The observation is a `dict` with shape `(4,)` with the values corresponding to the following: dice, table and player.

| Observation | Min | Max | Shape |
|----------------|-----|-----|-------------------|
| dice_collected | 0 | 8 | (6,) |
| dice_rolled | 0 | 8 | (6,) |
| tiles_table | 0 | 1 | (16,) |
| tile_players | 0 | 36 | number_of_players |

**Note:** There are eight dice to roll and collect. A die has six sides with the number of eyes one through
five, but a worm instead of a six.
The values correspond to the number of eyes, with the worm also having the value five (and not six!).
The 16 tiles are numbered 21 to 36 and have worm values from one to four in spread in four groups.
The game is for two to seven players. Here your Reinforcement Learning Agent is the first player. The
other players are computer bots.
The bots play, according to a heuristic. When you create the environment,
you have to define the number of bots.

For a more detailed description of the rules, see the file pickomino-rulebook.pdf.
You can play the game online here: https://www.maartenpoirot.com/pickomino/.
The heuristic used by the bots is described here: https://frozenfractal.com/blog/2015/5/3/how-to-win-at-pickomino/.

## Rewards

The goal is to collect tiles in a stack.
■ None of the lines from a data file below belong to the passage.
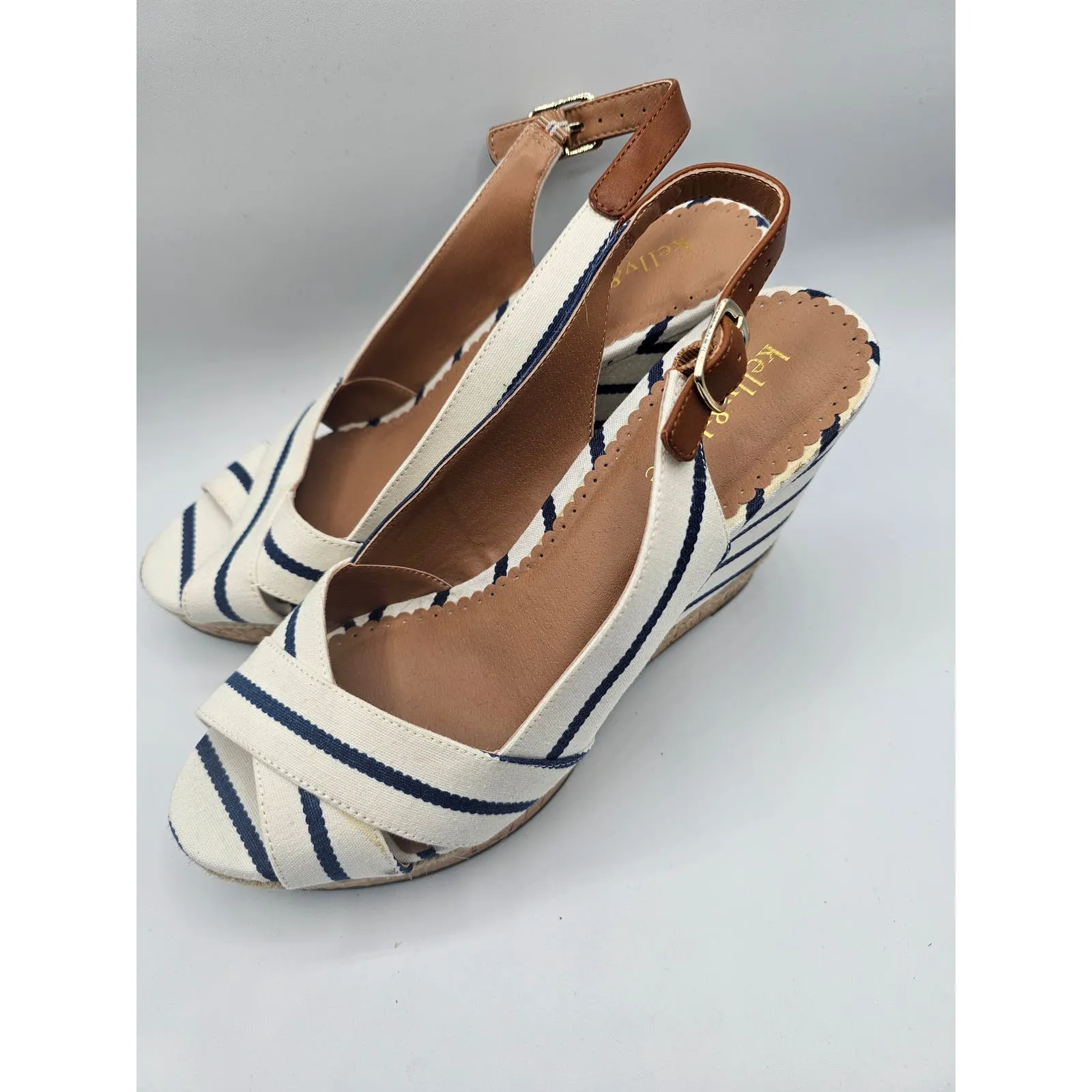 Kelly & Katie Womens Ss 8.5 Cork Wedge Sandals Heels Blue White Striped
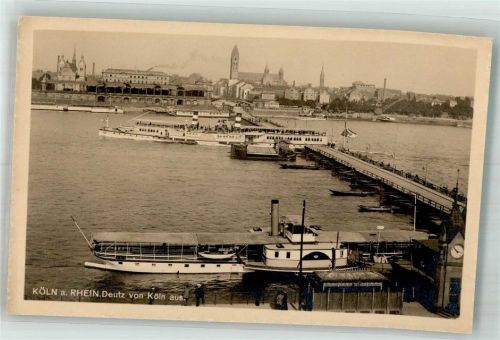 Köln Deutz 105 Panorama des Ortsteiles mit Pontonbrücke und Rheinschiffen Raddampfer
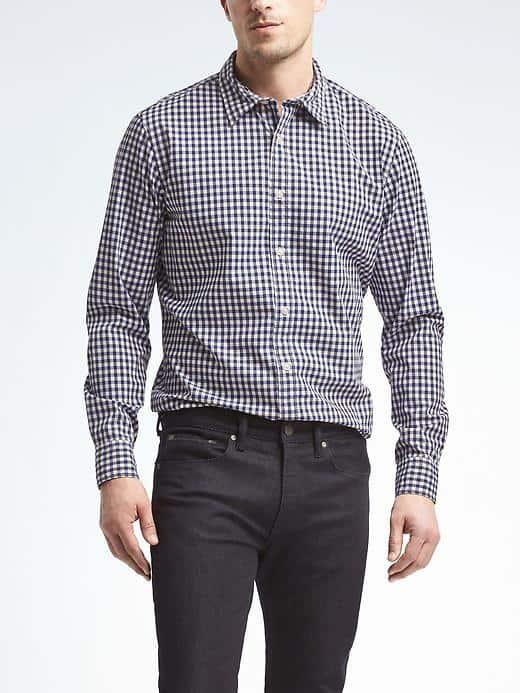 Banana Republic Mens Camden Fit Custom 078 Wash Gingham Shirt - Mantego Bay Blue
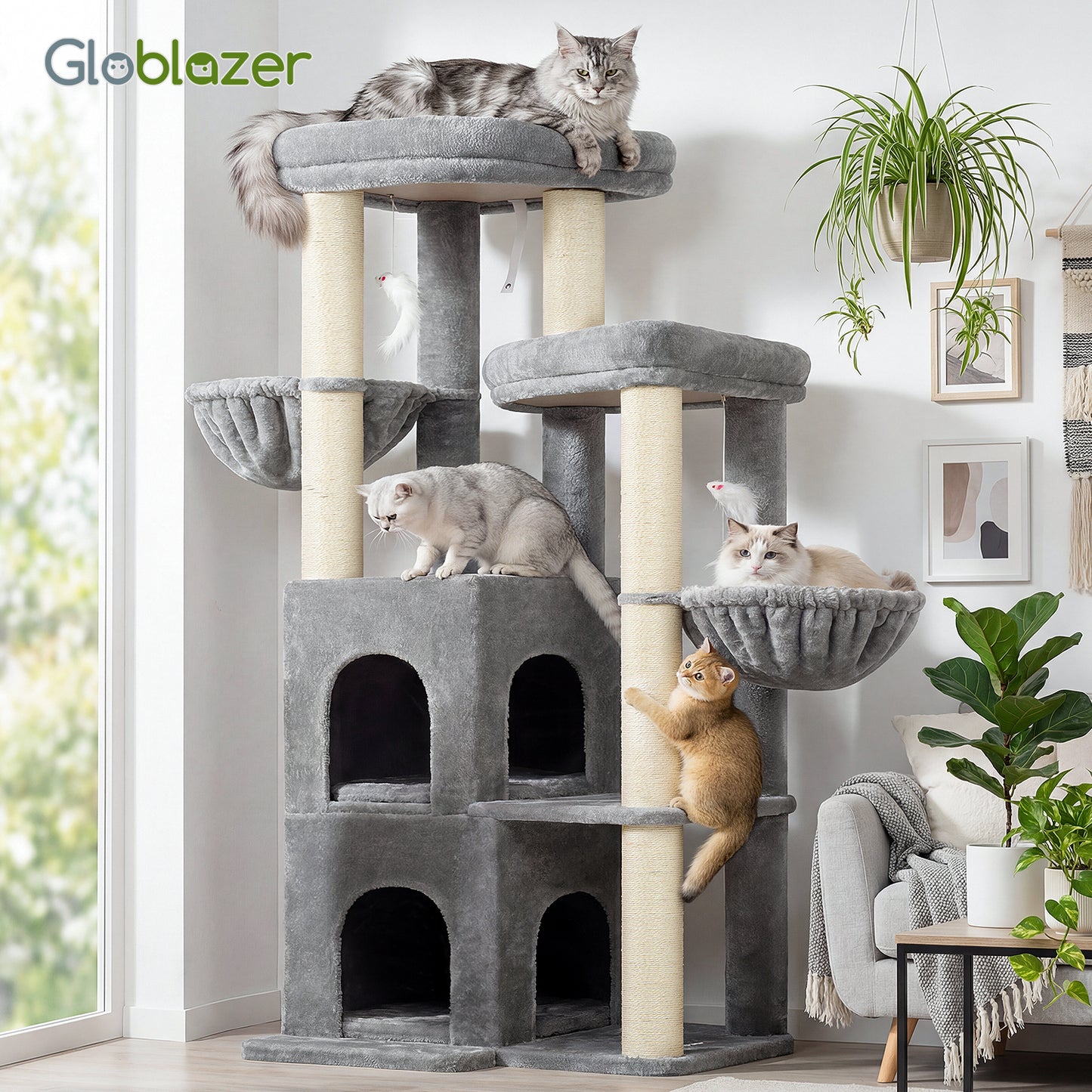 Globlazer Cat Tree Tower for Indoor Cats, 63 inch Sturdy Adult Cat Tree House for Large Adult Cats with 2 Platform, 6 Cat Scratching Post, 2 Cat Caves, Dangling Toys, S63, Light Grey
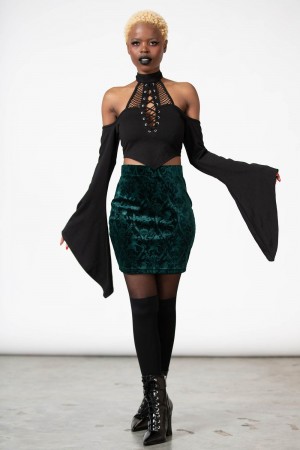 Killstar Doom Duchess Skirt [EMERALD] Verdes | 23985-CBOX
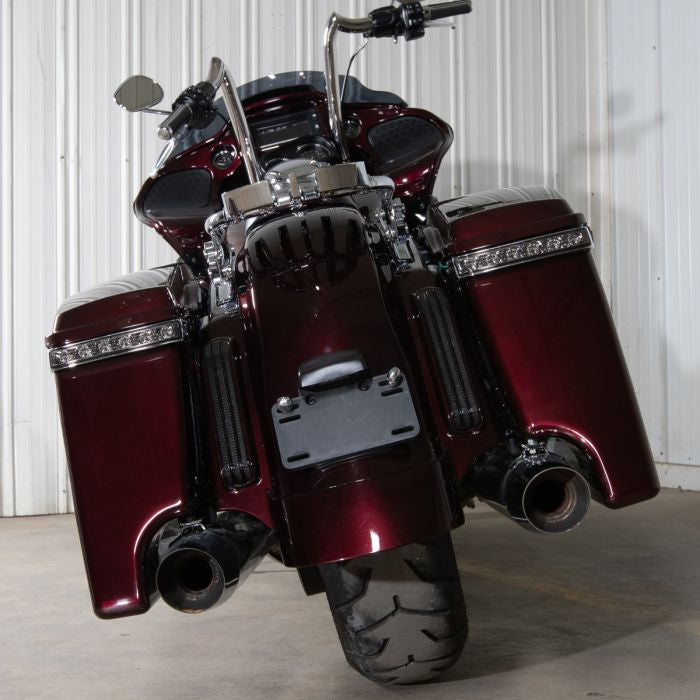 Harley® Touring CVO Style Stretched Rear Fender from HOGWORKZ on a twisted cherry road glide
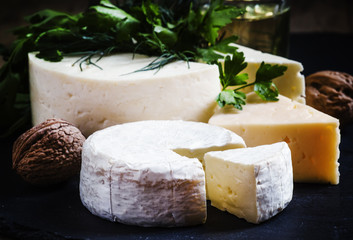 Cheese Assortment on a dark background, selective focus
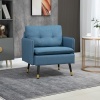 Afbeelding van HOMCOM Polstersessel met kussen, loungestoel met linnenlook, staal, donkerblauw, 76 x 68 x 80 cm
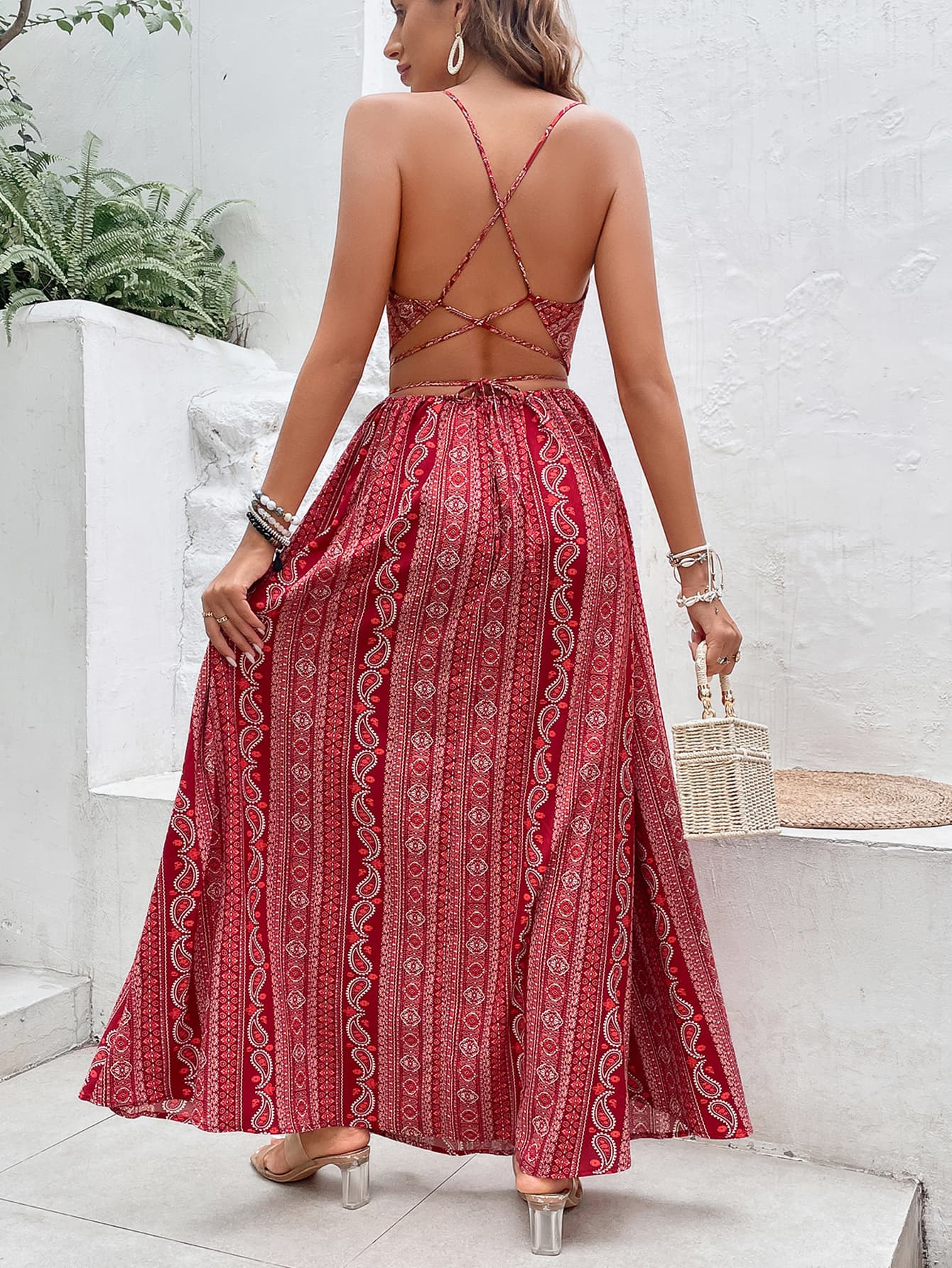 Printed Sweetheart Neck Split Maxi Dress - Lecatta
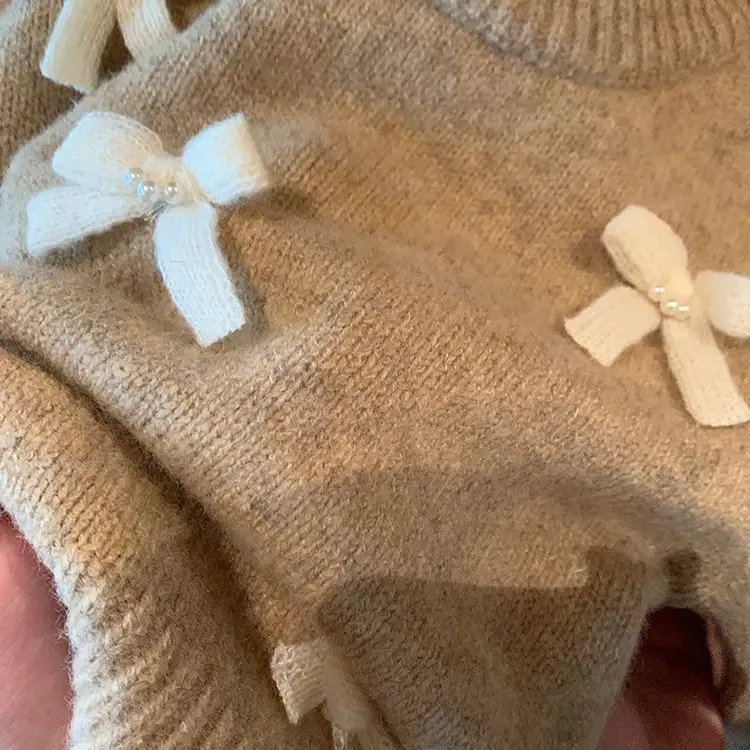 Kawaii فتاة سترة رشاقته النسخة الكورية الترفيه نمط جديد طالب موضة الاتجاه الخريف القوس تريكو ملابس الأطفال الحلوة #6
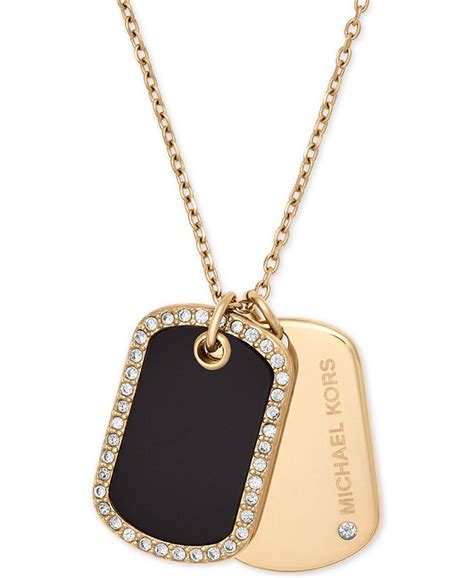 Michael Kors Pavé & Stone Dog Tags Pendant Necklace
The winner is the player, which at the end of the game has the most worms
on her tiles. For the Reinforcement Learning Agent a reward equal to the value
(worms) of a tile is given when the tile is picked. For a failed attempt
(see rulebook), a corresponding negative reward is given. When a bot steals your
tile, no negative reward is given. Hence, the total reward at the end of the game
can be greater than the score.

## Starting State

* `dice_collected` = [0, 0, 0, 0, 0, 0].
* `dice_rolled` = [3, 0, 1, 2, 0, 2] Random dice, sum = 8.
* `tiles_table` = [1, 1, 1, 1, 1, 1, 1, 1, 1, 1, 1, 1, 1, 1, 1, 1].
* `tile_players` = [0, 0, 0] (with number_of_bots = 2).

## Episode End

The episode ends if one of the following occurs:

1. Termination: If there are no more tiles to take on the table = Game Over.
2. Termination: Action out of allowed range [0–5, 0-1].

### Truncation

Truncation: Attempt to break the rules, the game continues, and you have to give a new valid action.

### Failed Attempt

Note that a Failed Attempt means: If a tile is present, put it back on the table and get a negative reward.
However, the game continues, so the Episode does not end.

## Arguments

These must be specified.

| Parameter | Type | Default | Description |
|------------------|-------------|---------|--------------------------------------------------------------------------------------------|
| `number_of_bots` | int | -- | Number of bot opponents (1-6) you want to play against |
| `render_mode` | str or None | None | Visualization mode:
None (training),
"human" (display), or "rgb_array" (recording) |

## Setup

`pip install pickomino-env`

## Usage example

```python
import gymnasium as gym

# Create environment
env = gym.make("Pickomino-v0", render_mode="human", number_of_bots=2)

# Reset and get initial observation
obs, info = env.reset(seed=42)

# Run one episode
terminated = False
truncated = False
total_reward = 0

while not terminated and not truncated:
# Agent selects action: (dice_face, roll_choice)
action = env.action_space.sample() # Random action for demo

# Step environment
obs, reward, terminated, truncated, info = env.step(action)
total_reward += reward

if truncated:
print(f"Invalid action: {info['explanation']}")
break

print(f"Episode finished. Total reward: {total_reward}")
env.close()
```

## Resources

- **Game Rules:** [Pickomino Rulebook](https://github.com/smallgig/Pickomino/blob/main/pickomino-rulebook.pdf)
- **Play Online:** [Maarteen Poirot's Pickomino](https://www.maartenpoirot.com/pickomino/)
- **Bot Strategy:** [How to Win at Pickomino](https://frozenfractal.com/blog/2015/5/3/how-to-win-at-pickomino/)
- **Repository:** [smallgig/Pickomino](https://github.com/smallgig/Pickomino)
- **Gymnasium:** [https://gymnasium.farama.org/](https://gymnasium.farama.org/)

## License

MIT License. See [LICENSE](LICENSE) for details.